The ModelAdapter ABC groups methods into 4 families.

A. Geometry (3 methods)

def patches_per_frame(self, height: int, width: int, pipe: Any) -> int:
    """Spatial tokens per latent frame after VAE + patchify."""
    # For 480x832, VAE factor 8, patch size 2:
    # (480 / 8 / 2) * (832 / 8 / 2) = 1560
    ...

def latent_frames(self, num_frames: int, pipe: Any) -> int:
    """(num_frames - 1) // vae_temporal + 1. Wan/HV use 4."""
    ...

def reference_latent_frames(self, pipe: Any) -> int:
    """Training horizon in latent frames. CRITICAL — anchors the auto scheduler.
    Wan 1.3B/14B = 21, HunyuanVideo 1.5 = 33, CogVideoX 5B = 13."""
    ...

B. QKV extraction (3 methods)

def extract_qkv(self, attn, hidden, encoder) -> tuple[Tensor, Tensor, Tensor]:
    """Return Q, K, V for the joint sequence. Single-stream: concat text+video
    before projection. Dual-stream: each modality has its own linear."""
    ...

def extract_cross_attn_kv(self, attn, encoder) -> Optional[tuple[Tensor, Tensor]]:
    """Return (K, V) for an I2V-style image-conditioned cross-attention, or None."""
    ...

def split_encoder_for_cross_attn(self, attn, encoder) -> tuple[Tensor, Optional[Tensor]]:
    """For dual-modal encoders that split text vs image tokens."""
    ...

C. Position encoding + output (2 methods)
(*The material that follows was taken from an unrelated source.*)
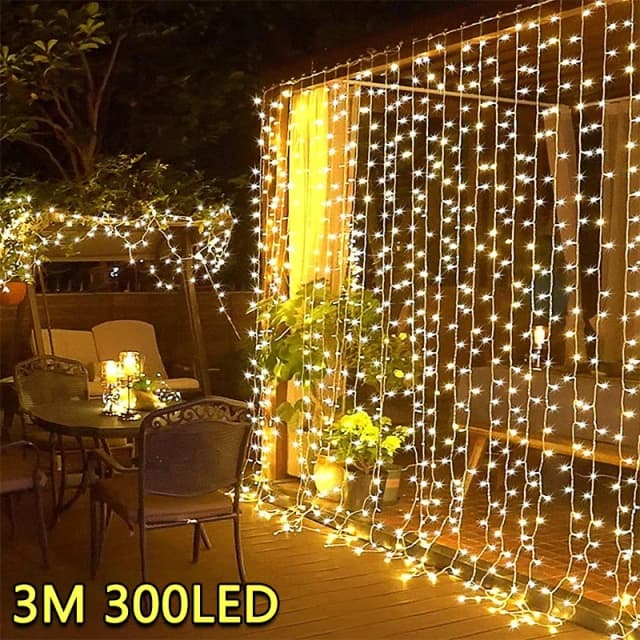 LED Curtain String Lights, Fada Decoração, Feriado USB, Guirlanda de Lâmpada, 8 Mode, Casa, Jardim, Festa de Natal, Ano Novo, Casamento, 3m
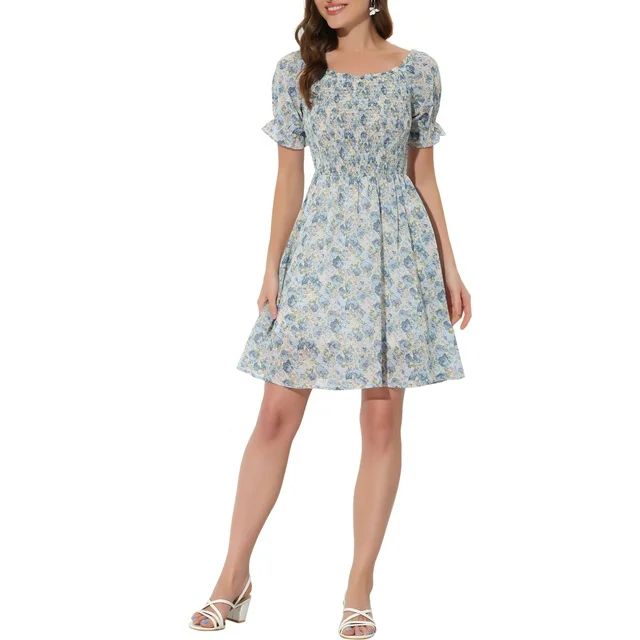 Allegra K Women's Floral Printed Off Shoulder Short Sleeve Smocked Above the Knee Dress | Walmart (US)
def apply_rotary(self, q, k, rotary_emb, local_seq, rank, world) -> tuple[Tensor, Tensor]:
    """Apply RoPE. Wan uses 1D RoPE; HunyuanVideo uses 3D (cos, sin) tuples."""
    ...

def output_projection(self, attn, hidden, query_dtype) -> Tensor:
    """Final linear (and any layernorm) after attention."""
    ...

D. Dual-stream + integration (3 methods)

def extract_encoder_qkv(self, attn, encoder) -> Optional[tuple[Tensor, Tensor, Tensor]]:
    """Dual-stream models project encoder Q/K/V through a separate linear.
    Return None for single-stream."""
    ...

def format_output(self, attn, hidden, encoder_output, encoder_seq_len, dtype):
    """Single-stream: return a tensor. Dual-stream: return (hidden, encoder) tuple."""
    ...

def cross_attention(self, attn, query, encoder_image, backend) -> Optional[Tensor]:
    """I2V cross-attention call, or None."""
    ...

E. Pipeline integration (3 methods)

def install_processor(self, pipe, processor) -> int:
    """Walk the transformer, replace each self-attention's processor with
    `DistributedLVSAProcessor`. Return number of blocks installed on."""
    ...

def setup_context_parallel(self, transformer, world) -> None:
    """Attach a CP plan (which dim to split, gather strategy)."""
    ...

def patch_rotary_for_cp(self, rank: int, world: int) -> None:
    """Monkey-patch the model's RoPE to be rank-aware for context-parallel runs."""
    ...

Step-by-step

1. Copy the closest existing adapter

# Single-stream model
cp lvsa/adapters/wan.py lvsa/adapters/<your_model>.py

# Dual-stream model
cp lvsa/adapters/hunyuan_video.py lvsa/adapters/<your_model>.py

2. Set the geometry

def patches_per_frame(self, height: int, width: int, pipe: Any) -> int:
    vae_sf = pipe.vae.config.scaling_factor      # spatial compression
    patch = pipe.transformer.config.patch_size   # patchify factor
    h = height // vae_sf // patch
    w = width // vae_sf // patch
    return h * w

def latent_frames(self, num_frames: int, pipe: Any) -> int:
    vae_tf = pipe.vae.config.temporal_compression_ratio
    return (num_frames - 1) // vae_tf + 1

def reference_latent_frames(self, pipe: Any) -> int:
    return 21   # CHANGE: read from model card / paper

3. Wire QKV + RoPE

Identify the model's attention class (usually <ModelName>Attention or <ModelName>SelfAttn). Adapt extract_qkv and apply_rotary to match its forward signature.

For Wan-style 1D RoPE:

def apply_rotary(self, q, k, rotary_emb, local_seq, rank, world):
    from .rope import apply_rotary_1d
    return apply_rotary_1d(q, k, rotary_emb, local_seq, rank, world)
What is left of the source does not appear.